SUNK Concepts Overview
SUNK is a robust and adaptable solution designed to streamline the management of Slurm clusters within a scalable Kubernetes environment. By bridging these two powerful technologies, SUNK empowers ML Researchers and Infrastructure Engineers with a comprehensive suite of features essential for AI workload orchestration. This Concepts section explains the core principles and functionalities that underpin SUNK to help you leverage its capabilities for your use cases.
Key SUNK features
SUNK offers many key features that make it a powerful tool for managing Slurm clusters in a Kubernetes environment. Here are some of the most important features:
- Job Scheduling and Management: SUNK leverages Slurm for job scheduling and management within the Kubernetes environment. This includes features like job accounting, task plugins, and running Slurm jobs in containers.

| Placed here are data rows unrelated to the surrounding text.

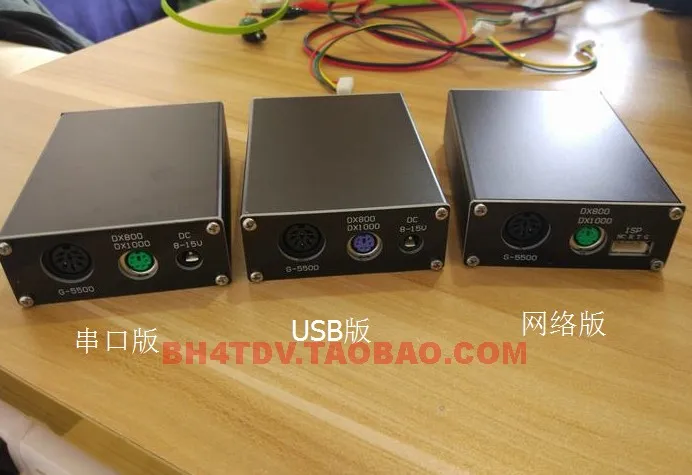 Последовательный порт управления ротатором USB-232B поддержка G-800 \ 1000DXA \ 2800DXA \ G-5500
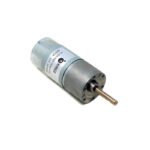 Orange OG555 High Torque DC Motor 12V 50RPM 346.8N-cm Encoder Compatible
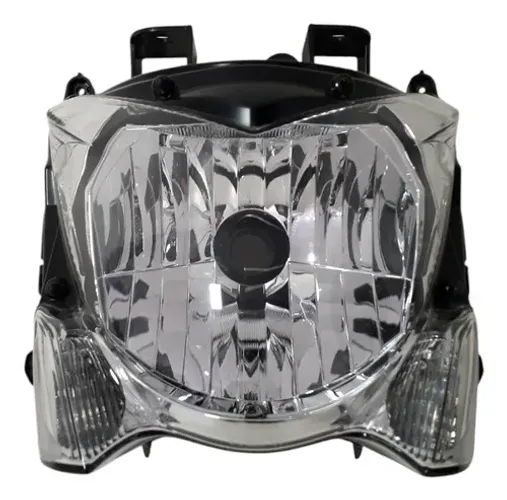 Farol Bloco Optico Suzuki Gsx-s 1000 17/23 Orig 54840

- Kubernetes-Native Slurm Management: SUNK bridges the gap between Slurm and Kubernetes, enabling users to manage Slurm clusters using Kubernetes-native tools and practices. This includes deploying Slurm clusters as Kubernetes resources, using Helm charts for deployment, and leveraging Kubernetes features like ConfigMaps and Secrets.
- Topology-Aware Scheduling: SUNK leverages cluster topology information to optimize job scheduling and resource allocation. It supports Slurm's tree and block plugins for topology-aware scheduling.

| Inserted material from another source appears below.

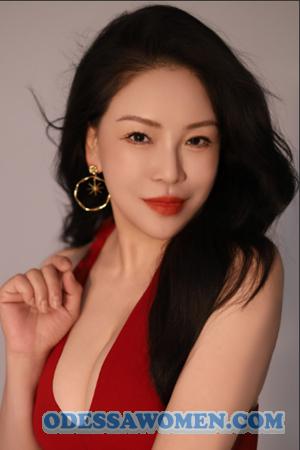 229203 - Flora Age: 58 - China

Important features for ML Researchers
- Task plugins: SUNK supports task plugins, which allow ML Researchers to customize job execution and gather metrics, adapting to the unique needs of their workload.
- Job scheduling and management: ML Researchers can leverage Slurm's powerful job scheduling capabilities within SUNK to manage their training jobs, experiments, and workflows, using the familiar Slurm interface without needing to learn a new system.

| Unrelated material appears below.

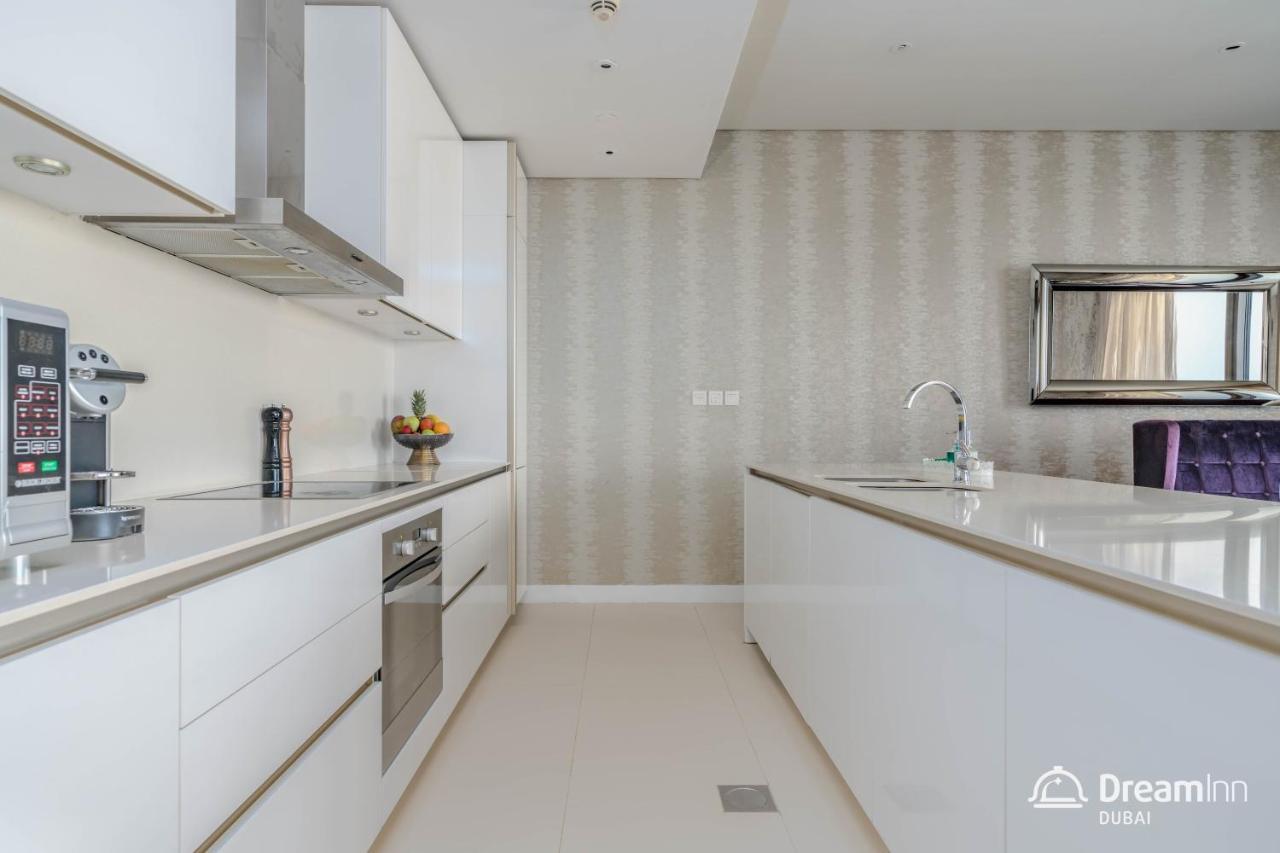 Dream - Walk Prime Apartment Dubai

- Kubernetes integration: SUNK's integration with Kubernetes provides ML Researchers access to a wide range of tools and services, such as distributed storage, monitoring, and logging.
- Run scripts with s6: ML Researchers can use s6 scripts to install software, configure dependencies, and set up environments on Slurm nodes, ensuring a consistent and reproducible execution environment.
- Run Slurm jobs in containers: ML Researchers can run Slurm jobs inside containers for improved portability, reproducibility, and isolation of execution environments.
Important features for Infrastructure Engineers
- Device plugins: SUNK supports Kubernetes device plugins, enabling Infrastructure Engineers to make system hardware resources, such as NVIDIA GPUs, available to Kubernetes.
- Sidecar containers: Infrastructure engineers can add sidecar containers to Slurm login and compute nodes to extend their functionality and enhance job execution.
- Linux cgroups: Infrastructure engineers can use Linux cgroups to manage resource limits, such as CPU, memory, and GPU usage, ensuring fair allocation and job isolation.
- Deployment management with CI and GitOps: Infrastructure engineers can use CI tools and GitOps practices to manage SUNK deployments, ensuring that clusters are always up to date and consistent.
- Prolog and epilog scripts: Infrastructure engineers can use prolog and epilog scripts to prepare the environment before job execution and clean up resources afterward, enhancing the job lifecycle management.
- Lua plugins: Infrastructure engineers can use Lua scripts to customize job submission and execution, tailoring the behavior of the Slurm cluster to their specific requirements.